§ **What is needed**
Word for word, please restate the line that contains "Ein Badezimmer mit" and all lines after it through the end of the material, minus the pictures.

Top of Collected data

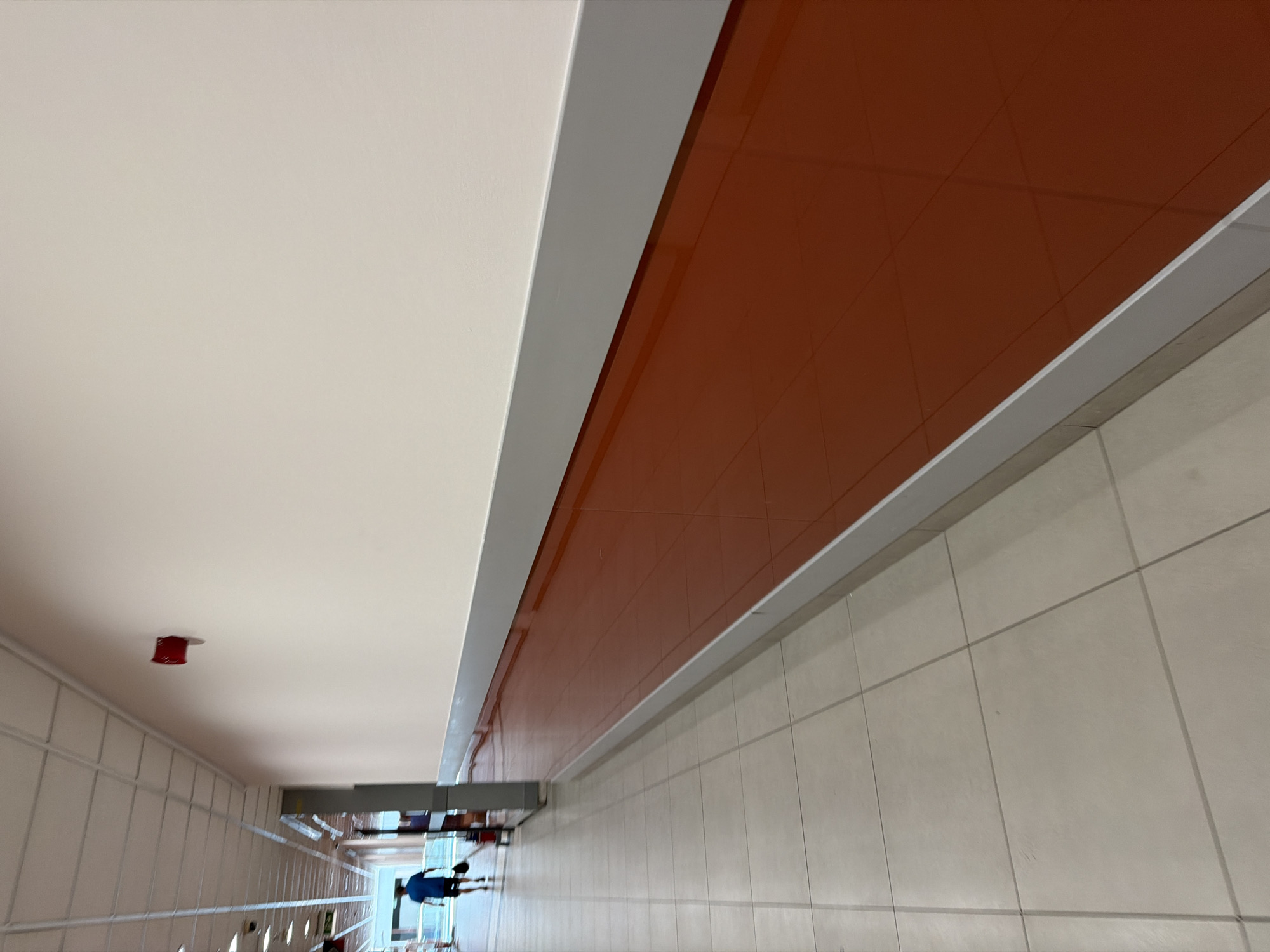 This image depicts a long, brightly lit corridor, likely in a commercial or public building. The corridor features a light-colored tiled floor and a smooth, pale-colored wall. Along the bottom of the wall runs a prominent band of polished, dark orange material, capped by a silver trim. A white ceiling with fluorescent lighting is visible at the top. In the mid-ground, a person wearing a dark blue t-shirt and shorts walks away from the camera, carrying a black bag. They are in front of a tall, grey fixture, possibly a display or shelving unit. Further down the corridor, another red object is mounted high on the wall, which could be a fire alarm or similar safety equipment. The overall impression is one of a clean, modern, and functional interior space. The image is not specific enough to determine its precise location in Sofia, Bulgaria, but it is consistent with the interior of a shopping mall, airport, or large retail establishment.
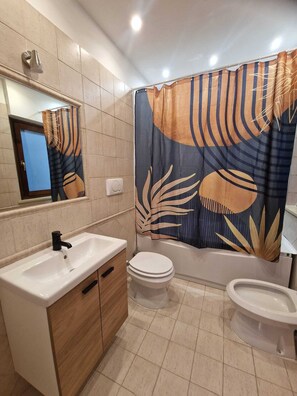 Ein Badezimmer mit Waschbecken, Toilette und Bidet, einer Duschvorhang mit Blättermotiv und einem Spiegel über dem Waschbecken.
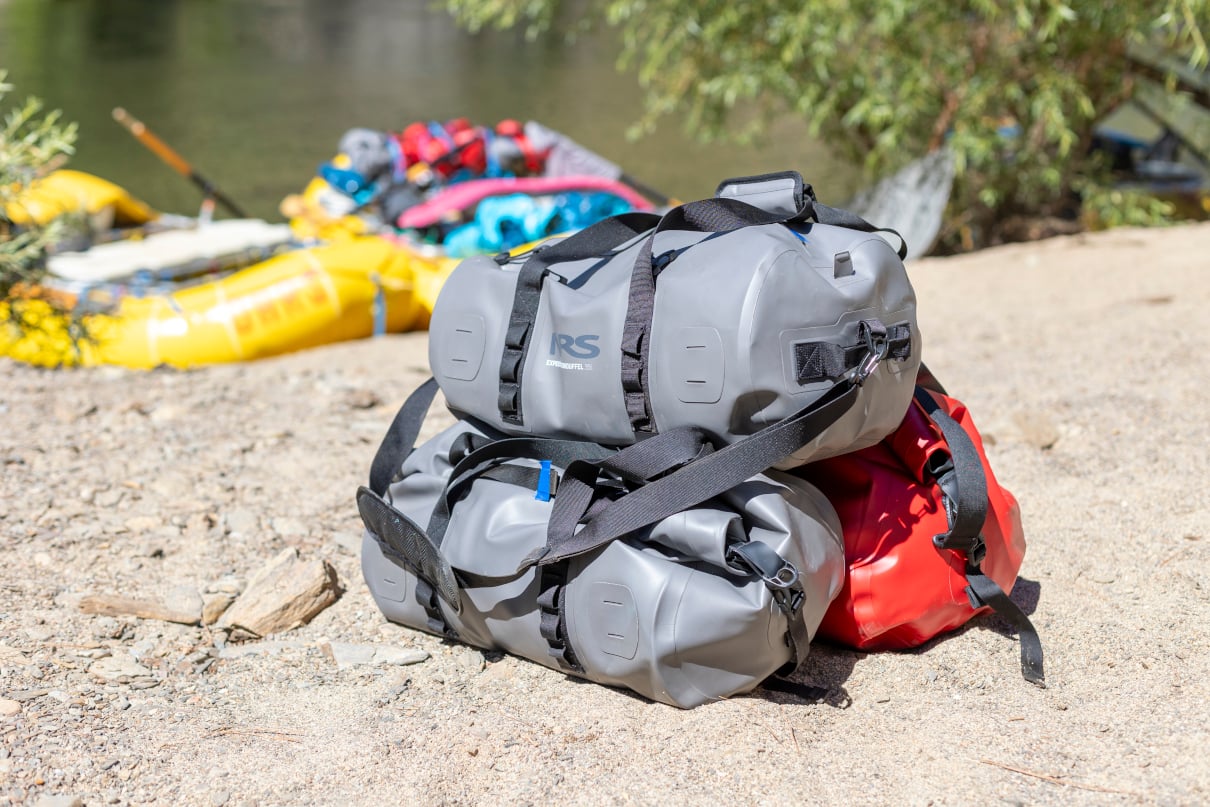 stack of NRS DriDuffels on sandy beach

Bottom of Collected data

§ **Finished exercise**
 Ein Badezimmer mit Waschbecken, Toilette und Bidet, einer Duschvorhang mit Blättermotiv und einem Spiegel über dem Waschbecken.
 stack of NRS DriDuffels on sandy beach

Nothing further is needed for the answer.